Coveted catch serious matter
Anglers go to great lengths to win Bassmaster Classic.
Brent Ehrler landed five Lake Conroe largemouth bass weighing 20 pounds, 1 ounce, to hold on to the top spot in the Geico Bassmaster Classic heading into Sunday’s final round of the 47th edition of the world championship of professional bass fishing.
Ehrler, of California, has a two-day total of 43 pounds, 4 ounces and goes into Sunday’s final round with a 2-pound, 3-ounce lead over Pennsylvania angler Dave Lefebre.
Lefebre jumped from sixth place to second heading into the final day of competition when he hauled a five-bass limit weighing 20 pounds, 11 ounces to the weigh-in stage on the field of Minute Maid Park in downtown Houston.
Oklahoma angler Edwin Evers, who won the 2016 Bassmaster Classic, is in third place with a total of 39 pounds after weighing a 20-pound, 13-ounce string of five fish, the heaviest taken Saturday by the 52 anglers competing for the tournament’s $300,000 first-place prize.
Fellow Oklahoma resident James Elam is in fourth place with 37 pounds, 13 ounces, and Bradley Roy of Kentucky is fifth with a total of 37 pounds, 10 ounces.
The heaviest bass of the day was a 9-pound, 1-ounce largemouth landed by Tennessee angler Skylar Hamilton.
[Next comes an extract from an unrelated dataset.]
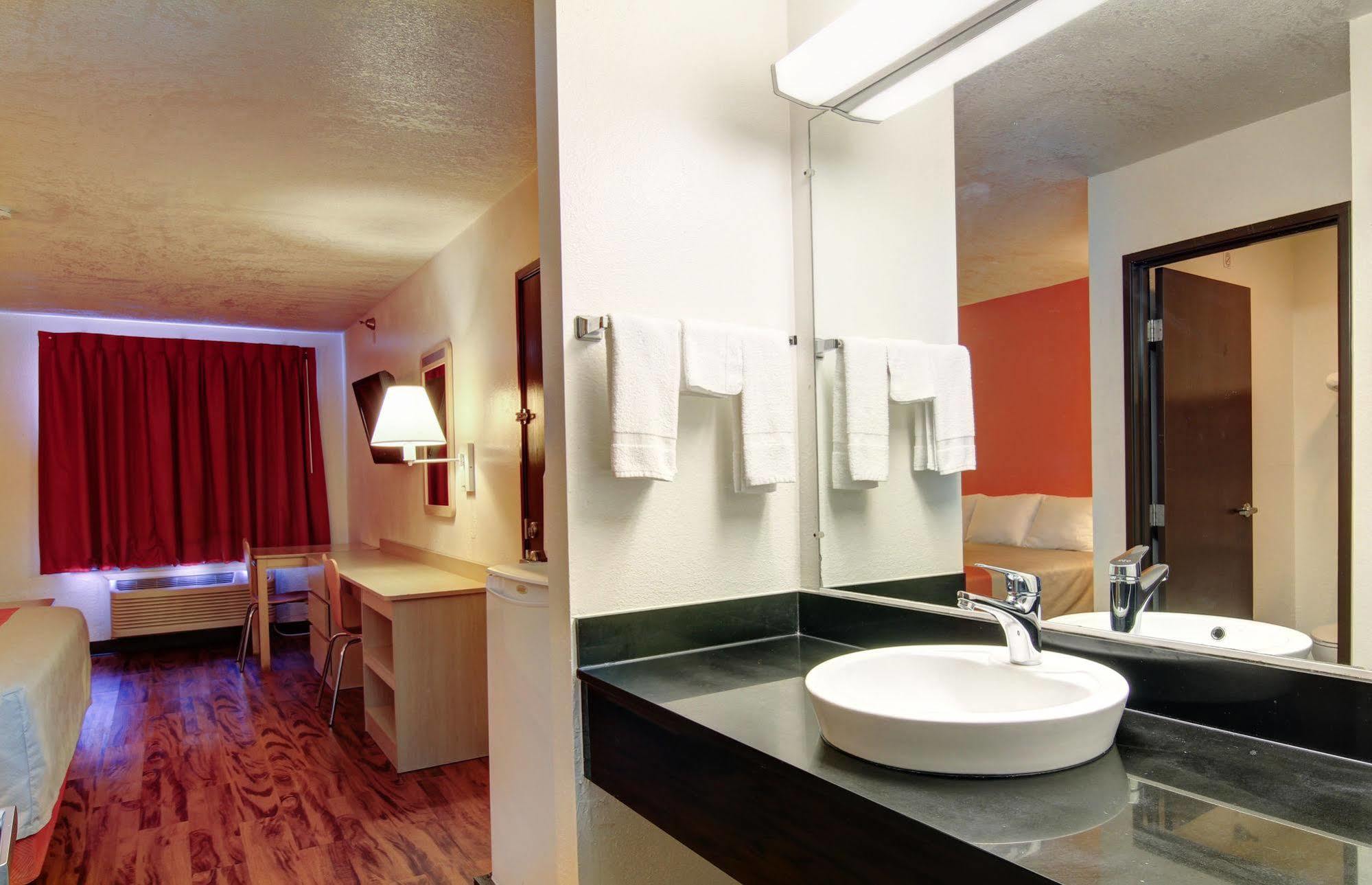 Motel 6-Columbia, Mo - East Εξωτερικό φωτογραφία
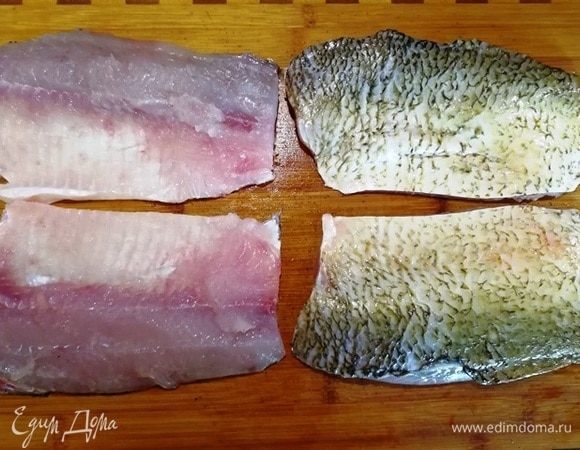 У нас получилось 4 заготовки. При помощи пинцета необходимо удалить все мелкие косточки. Жарить будем недолго, они не успеют раствориться в рыбе.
Lake Conroe’s largemouth bass proved a challenge for a tournament field that consists of some of the nation’s most successful professional bass fishermen.
Only 17 anglers managed to land a five-bass limit on the contest’s second day after only half of the field boxed limits on the first day of the competition.
Only one of five Texans in the tournament, Jasper’s Todd Faircloth, made the second-day cut that whittles the final-day field to the top 25 anglers who will compete Sunday.